A4 Vertaisarvioitu artikkeli konferenssijulkaisussa
To Compress or not to Compress? A Finite-State Approach to Nen Verbal Morphology
Tekijät: Saliha Muradoglu, Nicholas Evans, Hanna Suominen
Konferenssin vakiintunut nimi: Annual Meeting of the Association for Computational Linguistics
Julkaisuvuosi: 2020
Kokoomateoksen nimi: Proceedings of the 58th Annual Meeting of the Association for Computational Linguistics: Student Research Workshop
Aloitussivu: 207
Lopetussivu: 213
Sivujen määrä: 7
ISBN: 978-1-952148-03-3
DOI: https://doi.org/10.18653/v1/2020.acl-srw.28
This paper describes the development of a verbal morphological parser
for an under-resourced Papuan language, Nen. Nen verbal morphology is
particularly complex, with a transitive verb taking up to 1,740 unique
features. The structural properties exhibited by Nen verbs raises
interesting choices for analysis. Here we compare two possible methods
of analysis: ‘Chunking’ and decomposition. ‘Chunking’ refers to the
concept of collating morphological segments into one, whereas the
decomposition model follows a more classical linguistic approach. Both
models are built using the Finite-State Transducer toolkit foma. The
resultant architecture shows differences in size and structural clarity.

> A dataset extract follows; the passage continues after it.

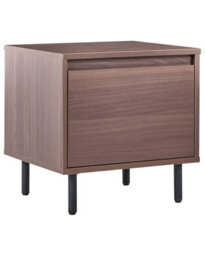 Wyld And Coco Urbannest Bedside Table Dark Brown With 1 Drawer And Black Metal Legs - W45 X D40 X H45Cm - thumbnail 3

While the ‘Chunking’ model is under half the size of the full
de-composed counterpart, the decomposition displays higher structural
order. In this paper, we describe the challenges encountered when
modelling a language exhibiting distributed exponence and present the
first morphological analyser for Nen, with an overall accuracy of 80.3%.